### What to do:
Output all of the lines below exactly, and leave out each image.

--- START ---

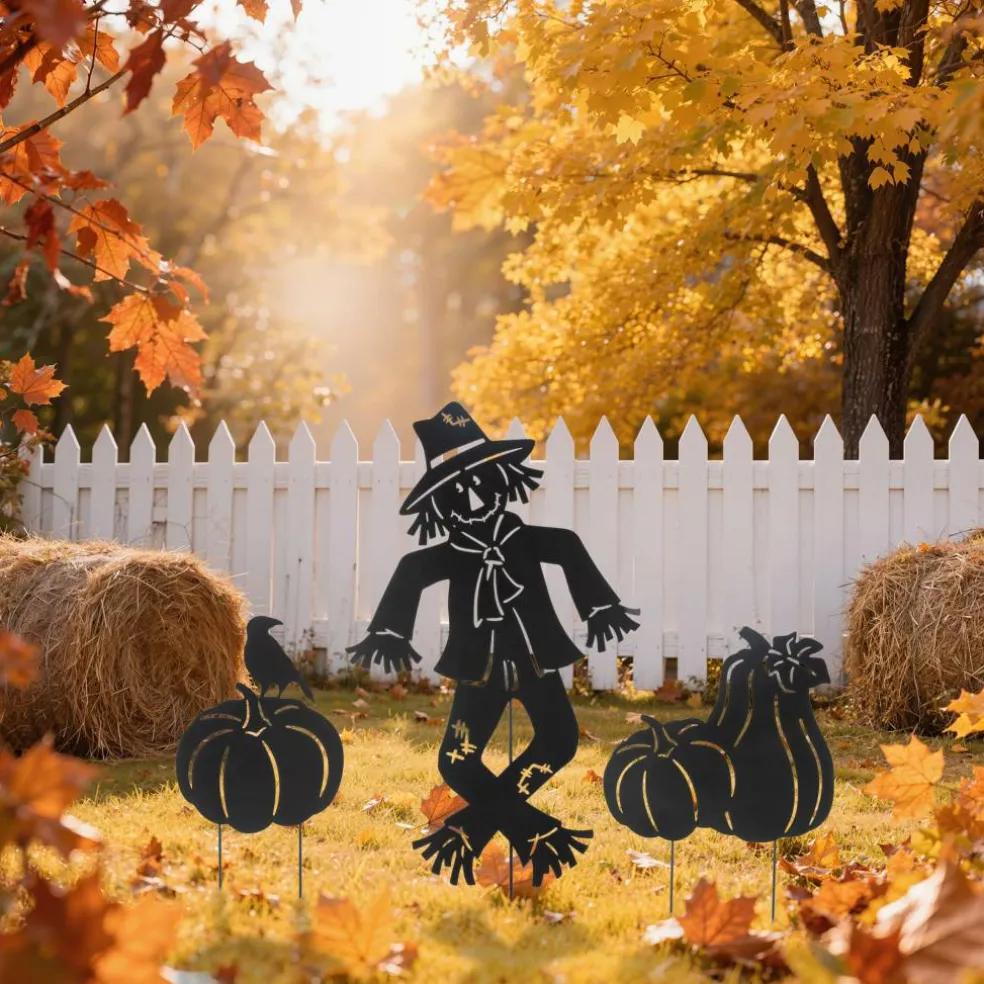 Glitzhome® Set of 3 Fall Metal Scarecrow Silhouette Yard Stakes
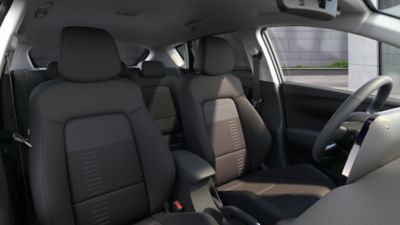 Hyundai BAYON crossover SUV interior seen through the window of the passenger-side.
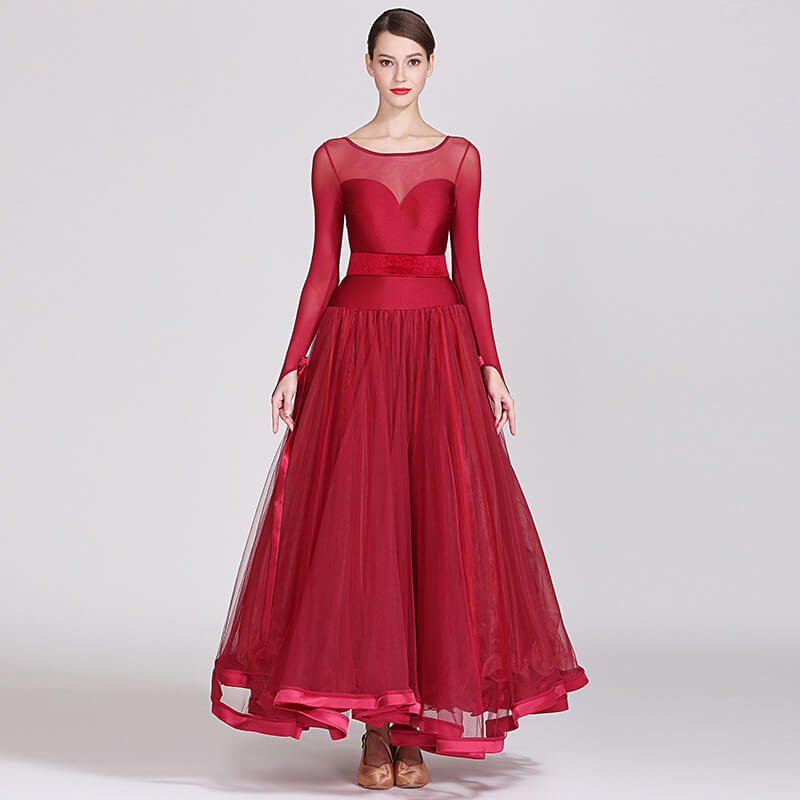 burgundy ballroom dress 1
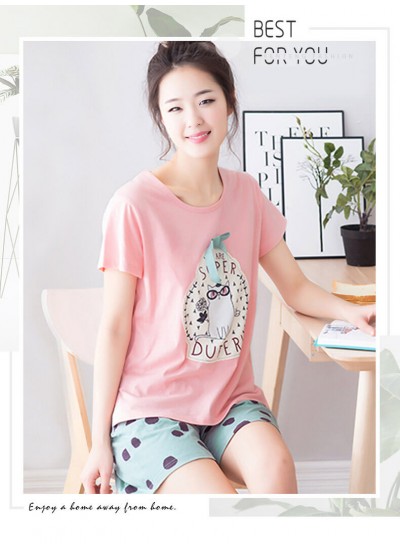 summer short sleeved casual cotton pajama sets for women T-shirt and short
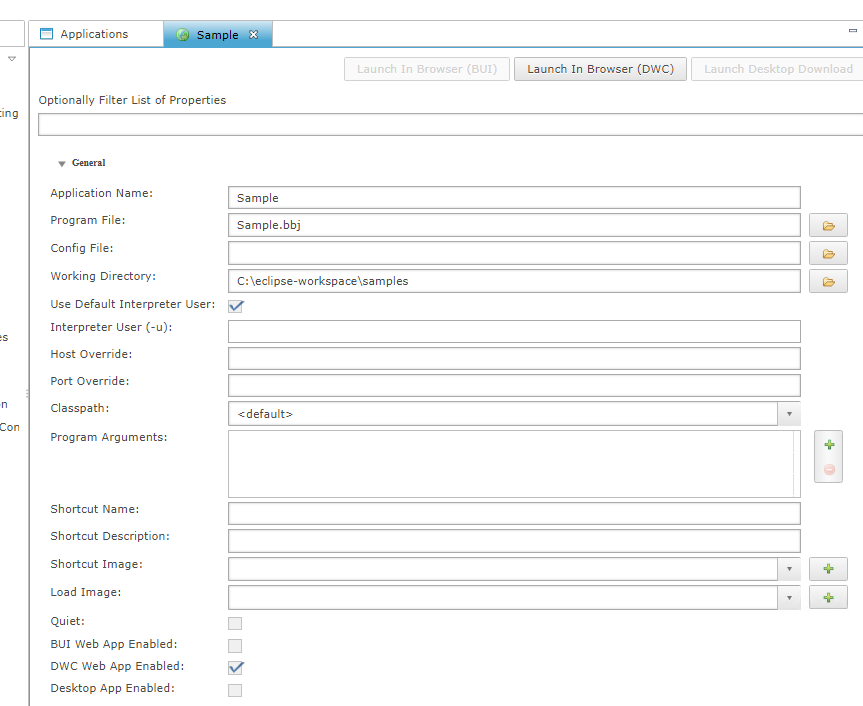 The Enterprise Manager dialog for a new application named Sample, with its program file, working directory and the DWC Web App Enabled option checked.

--- END ---

### Solution below:
 Glitzhome® Set of 3 Fall Metal Scarecrow Silhouette Yard Stakes
 Hyundai BAYON crossover SUV interior seen through the window of the passenger-side.
 burgundy ballroom dress 1
 summer short sleeved casual cotton pajama sets for women T-shirt and short
 The Enterprise Manager dialog for a new application named Sample, with its program file, working directory and the DWC Web App Enabled option checked.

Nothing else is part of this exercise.